# CAAD10 Matte Black 54cm



## Yamabushi (Sep 30, 2008)

Been a few of these recently but nonetheless, here is mine:










Specs:


Size 54cm
Dura-Ace 7900 front & rear derailleur
Dura-Ace 7900 pedals
Ultegra 6700 brakes
Cannondale Carbon SI BB30 Crank, 130BCD, 175mm
Pro Vibe 7s bars & stem
Fizik Arione CX
GS Astuto 38mm clinchers
Garmin Edge 800 GPS


----------



## Helitech (Jan 23, 2012)

nice bike.... are you in japan?


----------



## Yamabushi (Sep 30, 2008)

Helitech said:


> nice bike.... are you in japan?


Thank you! Yes, I live in central Tokyo.


----------



## Helitech (Jan 23, 2012)

nice! I'm stationed here on NAF Atsugi... in ayase


----------



## Helitech (Jan 23, 2012)

mind me asking how much you paid and where you got it??? I'm considering an aluminum frame to go with my synapse....


----------



## Yamabushi (Sep 30, 2008)

Helitech said:


> nice!

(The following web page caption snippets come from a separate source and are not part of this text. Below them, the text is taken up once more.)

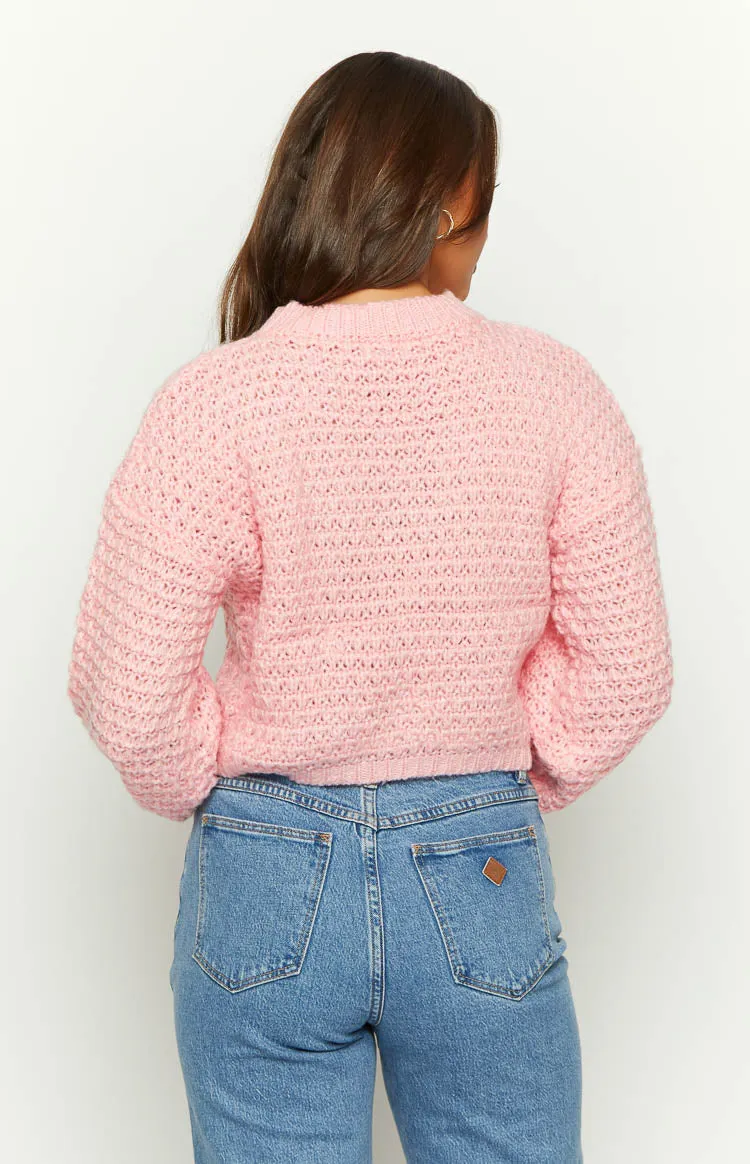 Rosie Pink Heart Jumper sold by Beginning Boutique product image thumbnail 5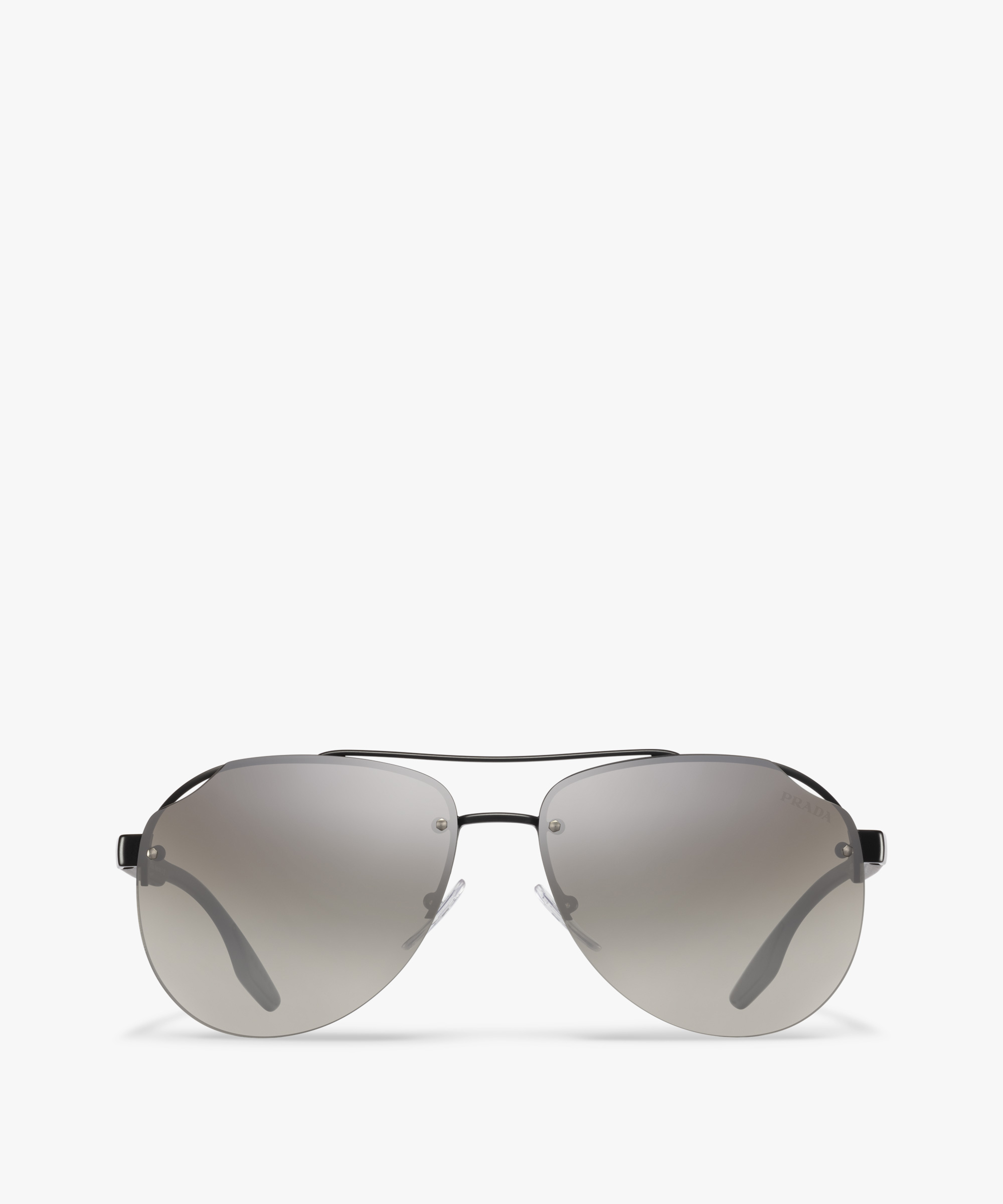 prada silver mirror sunglasses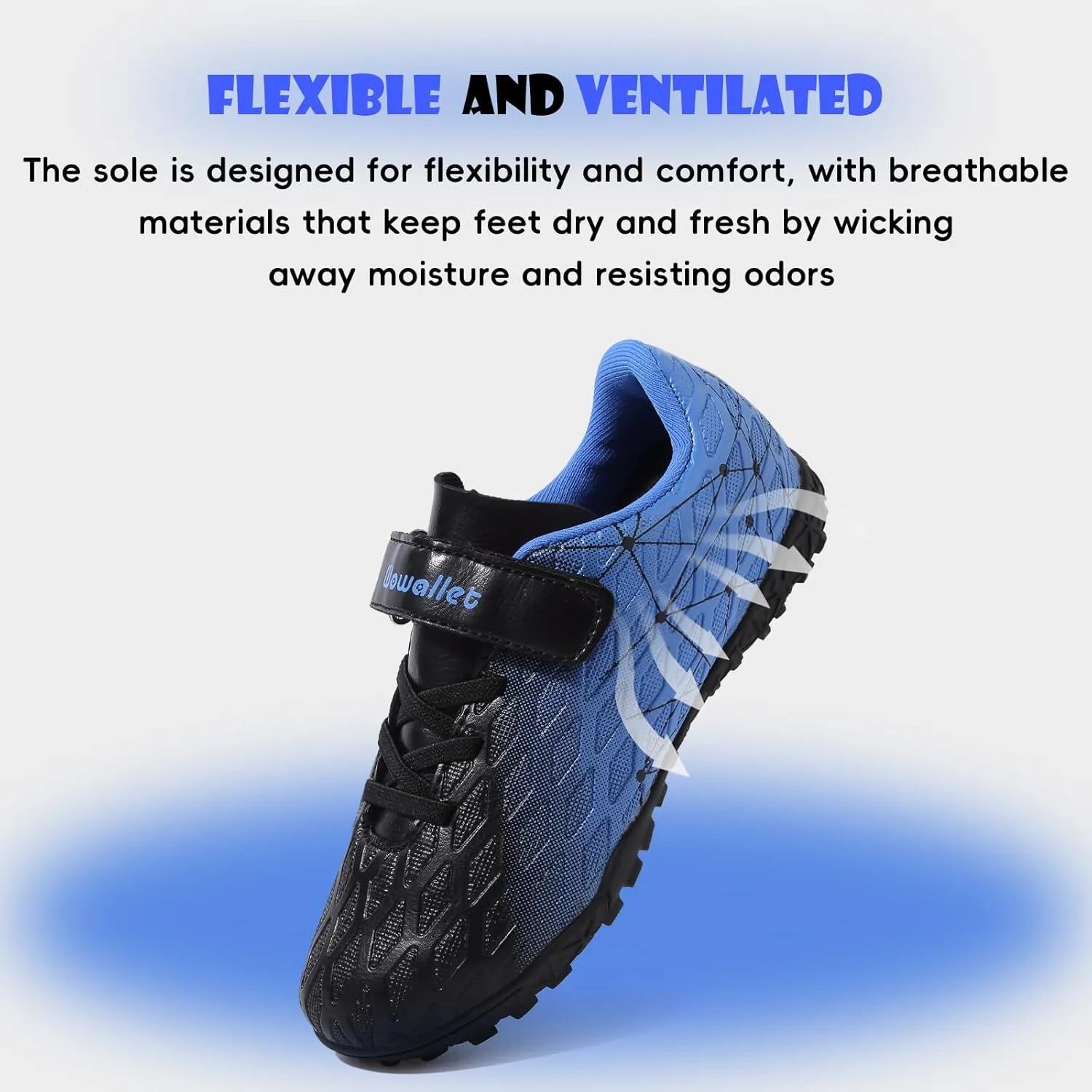 Kids Soccer Cleats Boys Girls Athletic Indoor Soccer Shoes Sneaker for Unisex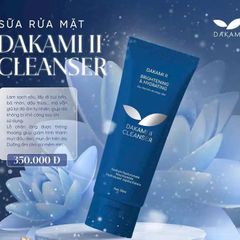 Sữa Rửa Mặt Dakami II - Sạch Bã Nhờn, Kiểm Soát Dầu, Không Chứa Cồn, Dành Cho Da Dầu Mụn, Giúp Thoáng Mát và Ẩm Mượt Da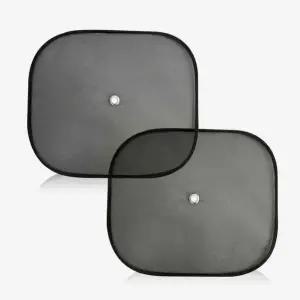 자동차자외선차단 D4C7A7U4 자동차햇볕가리개 블랙 햇빛가리개 2P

I'm stationed here on NAF Atsugi... in ayase


Wow great, I ride out past there semi-frequentally, hitting Yabitsu Toge, Miyagase-ko, Odarumi Toge, Wada Toge, and beyond! If you are not already active there, you should get on the Tokyo Cycling Club forums, serious, knowledgeable cyclist and good people! There are semi-organized rides most weekends.



Helitech said:


> mind me asking how much you paid and where you got it??? I'm considering an aluminum frame to go with my synapse....


I actually brought the bike back with me from the States last time I was there. Unfortunately, I paid full MSRP, something I rarely do. It was a sellers market and I had limited time so it was unavoidable. Even so, it was significantly cheaper than buying it here in Japan! I have no regrets whatsoever about the purchase. I am still shocked by what a step up it is from the CAAD9. I'm definitely a satisfied and happy CAAD10 owner! :thumbsup:


----------